Your video example is interesting, but for a Cocoa developer they'd just create a video player object and give it a file to play. Cocoa doesn't make any guarantee it will be hardware accelerated (neither does the HTML5 spec for that matter), but you can be assured that if Cocoa says it can play a video it will be able to play it properly; you, as the person using the framework, never have to worry about any implementation details.


What 3D property are you speaking of? Maybe you're meaning that using a 2 dimensional transition corresponds to a 3D property that causes the hardware to kick in then I suppose you make sense. But the thing is, I fail to see how that's a "trick" when it's an implemented feature of CSS. Also, if a browser vendor turns off the feature then that's a problem of the vendor and not CSS. Again, you are labeling a feature as a "trick" to paint a negative picture of web apps. Believe me, there's plenty of room for improvement in the area of web apps but your example isn't holding up.
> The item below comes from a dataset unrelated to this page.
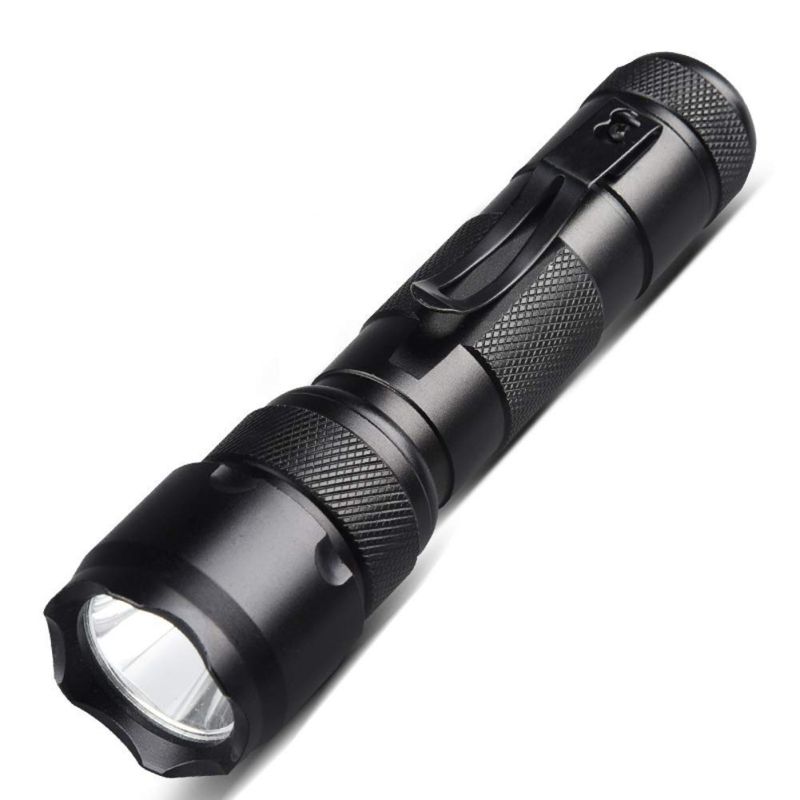Découvrez la lampe UltraFire WF-502B.2 avec Osram LED infrarouge 940nm zoomable pour observation de la faune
I wasn't speaking of playing videos to the screen. I was referring to the hardware in the device that renders pixels to the display, specifically the hardware accelerated part. That's the PC gamer side of me referring to that hardware as video cards or video hardware.

But to combine your Safari and Cocoa examples. If Safari says that it doesn't have hardware accelerated CSS features enabled then you know that the feature doesn't work as nicely as you would want, but the transition will still happen. If Safari says that it is enabled... nah, never mind. Regardless of hardware support or not; you, as the person using CSS, never have to worry about any implementation details. In fact, since CSS isn't a framework, it's far more efficient to use CSS over a Javascript framework anyway, regardless of hardware support.